Los Angeles, 1975. Lata Mangeshkar takes the stage. Deafening applause

A memoir revisits the first of numerous foreign concerts at which the renowned playback singer performed between 1975 and 1988.

On Stage With Lata is a different kind of memoir: it is a short history of Mangeshkhar’s concerts in the United States of America, Canada, the Caribbean and the Fiji Islands between 1975 and 1998. Written by the concert organiser, Mohan Deora, in collaboration with Mangeshkar’s niece, Rachana Shah, the book is an invaluable record of Mangeshkar’s efforts in further popularising Hindi film music among the Indian diaspora. In these edited excerpts, Deora and Shah recall the first concert in Los Angeles in 1975, where Mangeshkhar performed with the singer Mukesh, among others, and set off a craze for live performances that lasted over two decades.

Finally, on Friday, 9 May 1975, the hour of the first Lata–Mukesh concert of the tour had arrived. It was a sellout show at the Shrine Auditorium in Los Angeles. Many popular bands have played at the Shrine, and in 1975, the popular band Genesis performed there a few months before Lataji.

It was a beautiful spring evening, fragrant with the season’s early blossoms. The South Asian community of LA had come out in full force. Six thousand people were ready to stream into that hall.
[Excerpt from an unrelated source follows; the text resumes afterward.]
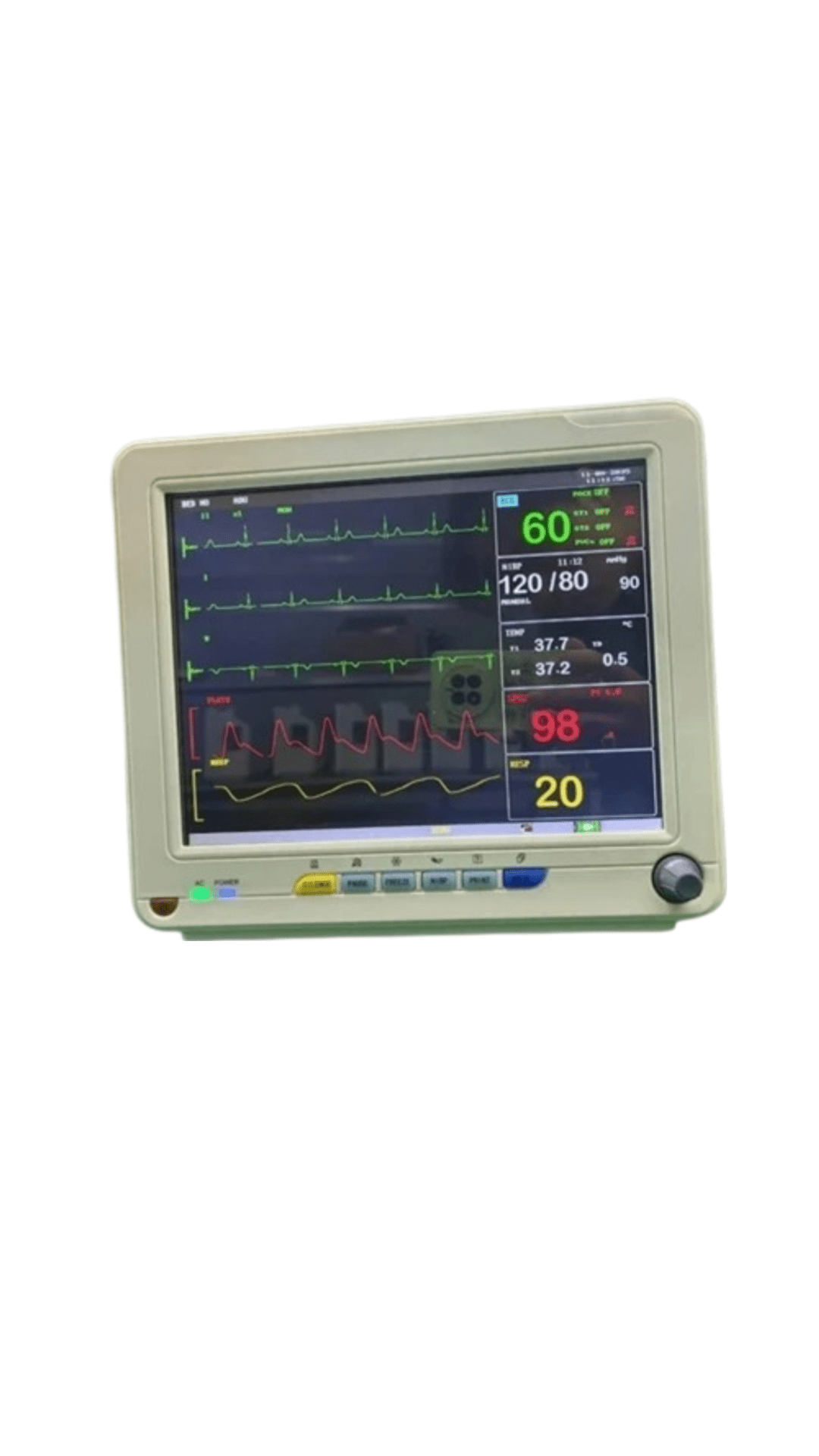 Technocare Multipara Monitor 12.1Inch - Global Surgicals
But unlike Western musical concerts where the doors are closed once the performance had started, we knew that such a rule was not practical or imposable on South Asian audiences who were unlikely to accept being shut out. So we had to live with the inevitable latecomers despite our radio campaigns stressing the need for punctuality. The excitement at the Shrine was so great that the people who did come late, and who had to climb over others to get to their seats, went unnoticed. The audience had come to see Lataji and that’s all that mattered.

‘She bowed her head and smiled’

How would she sound? She was so very personal to everyone. She had lent her voice to generations of beautiful screen actresses, and through cinema, radio and television, her songs were deeply embedded in our lives. Our treasured collection of her records was proof of our devotion to her music – those HMV 78 rpm EPs and LPs (music CDs only came into existence in the early 1980s), all stacked proudly in our sitting rooms. And here within a few minutes, Lata Mangeshkar herself would arrive before the impatient crowd.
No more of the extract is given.